3.2: Car Sales

Dependent variable for this dataset is numerical and the modeling problem is regression. Let's explore numerical features through a pair plot in figure 3.2.1 and ask the 3 questions.

Question 1: What do the patterns in this visualization say?

It appears that there is a strong relationship between the selling price of the car and the year since when the car has been used. This is also observed for how many kilometers the car has been used for. Interestingly, the car price has a not so strong impact on the number of seats.

Max_power and engine have a strong relationship with the selling price. Mileage also has some noticeable patterns.

Figure 3.2.1: pair plot of the dependent variable with numerical features

Question 2: So, what does this pattern say about my problem statement, and how it can affect my problem statement?

Let's confirm what we saw in the first plot by quantifying the extent of the relationship by checking the correlation heat map in figure 3.2.2.

Figure 3.2.2: Correlation heatmap of numerical features with the selling price.

We can see that max_power has the strongest correlation with the selling price, followed by the engine.
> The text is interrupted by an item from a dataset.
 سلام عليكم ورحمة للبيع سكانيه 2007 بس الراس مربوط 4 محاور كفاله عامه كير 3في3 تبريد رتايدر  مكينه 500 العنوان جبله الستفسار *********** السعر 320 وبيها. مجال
Mileage on the other hand has a mild negative correlation with the selling price of used cars.

The selling price has a positive correlation with the year. If the year is higher, then it can be sold for a higher price. In other words, if the car is new, it can be sold for a higher price. On the other hand, car price has a negative relationship with the number of kilometers driven. If the car has been driven for long distances, it has been through wear and tear. It is likely to fetch less price. Finally, the number of seats has a weak positive correlation with the selling price. People would like to have a car with a higher number of seats, but not so much.

Question 3: Now what should I do to inculcate the patterns discovered during EDA? Should I include this information as a new feature or should I perform data cleaning?
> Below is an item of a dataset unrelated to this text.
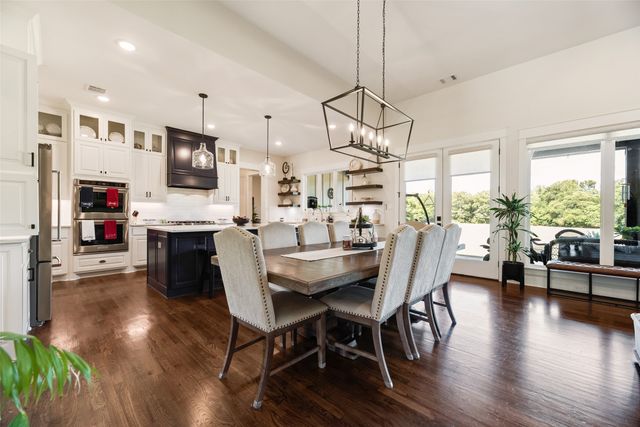 160 N Falling Leaves Drive N, Waxahachie, TX 75167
For the features which have a high correlation, we can check if the original features give better performance or if we can get better performance by using higher order features of these features. This is even more applicable for seats. We will need to check if there is any higher order feature for seats that can help us get better performance.

If we go by common knowledge about cars, the sports cars are sold at the highest price, although they have the lowest number of seats. This is followed by SUV cars, which have a higher number of seats but fetch higher prices. However, cars that have 4-5 seats are used by middle class people and have a relatively lower selling price. Hence, there is a non-linear relationship between the number of seats and car price. This could also be applicable for used cars. Higher order feature engineering might be able to uncover this non-linear relationship. We can also consider the number of seats as ordinal and try higher order ordinal features to see if it works better. Now, let's also explore categorical features.
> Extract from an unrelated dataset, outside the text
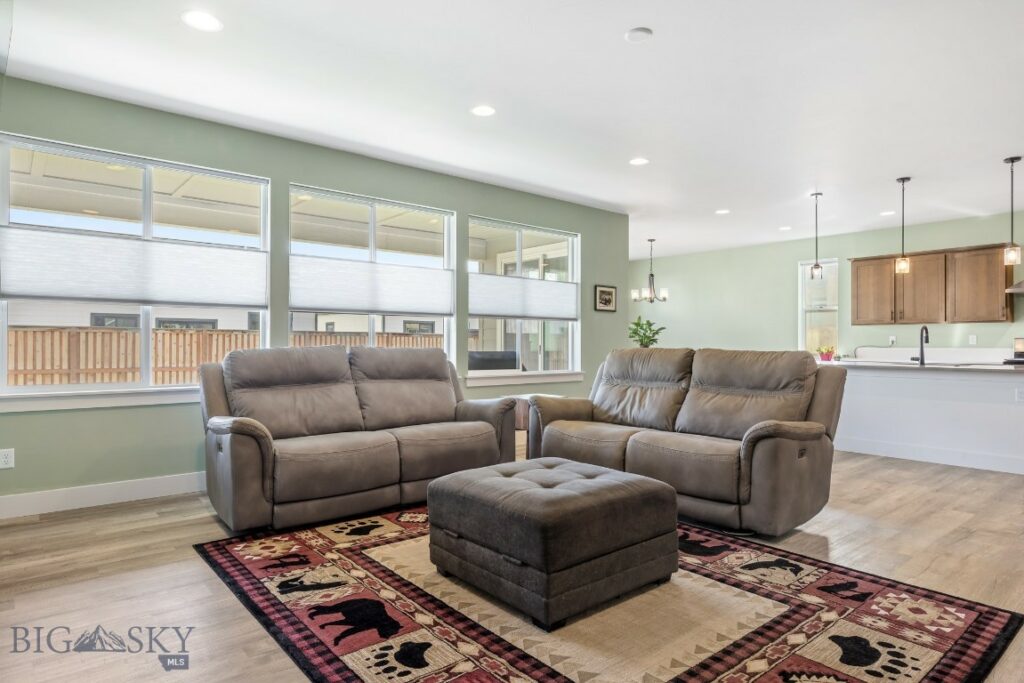 1508 Deadwood Loop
Let's start with the  owner  feature in figure 3.2.3. This feature has values representing how many people have previously owned the car.  First Owner  suggests that the car is owned by a first-time buyer, whereas  Second Owner  means the car has been owned by 2 owners, including the current owner. In our dataset, the first owner and second owner are 65.9% and 25.5% respectively. They constitute the majority group.

 

Figure 3.2.3: Boxplot of selling_price for each type of  owner 

Question 1: What do the patterns in this visualization say?

There is a huge degree of variation in prices at which used cars are sold for the first owner and second owners, as evident from the number of outliers in the boxplot for these 2 categories. This is also true for the third owner. Test drive cars and cars which have been owned 4 times have relatively stable prices, as they do not have any outliers.

Cars that have been owned a fourth time or above, fetch the lowest prices as evidenced by the average selling price. This can be seen in figure 3.2.4.

Figure 3.2.4: Average selling price by type of owner.

Question 2: So, what does this pattern say about my problem statement and how it can affect my problem statement?

It seems that first, second, and third-owner cars have lower average selling prices than test-driving cars. However, many outliers have very high prices. We need to account for it.

Question 3: Now what should I do to inculcate the patterns discovered during EDA? Should I include this information as a new feature or should I perform data cleaning?

As this is common knowledge, we know that sports cars and SUVs have higher prices than other cars. Let's verify this by checking the car brand names from the  brand  column for cars that have above 90 percentiles selling_price, through a word cloud. Figure 3.2.5 has the word cloud for cars with higher percentile selling price.

Figure 3.2.5: Brand names with above 90 percentiles selling_price.

Most of the cars for which selling_price is outliers, are considered as premium and luxury cars in the Indian market. If we could distinguish these cars from others while modeling, it can give us comparatively better performance. We can represent this information as a feature in 2 different ways. Firstly, we can create a binary 1|0 feature that represents these car brands as an additional feature. Secondly, we can create a higher order feature, which will have the average selling price for each car model or brand.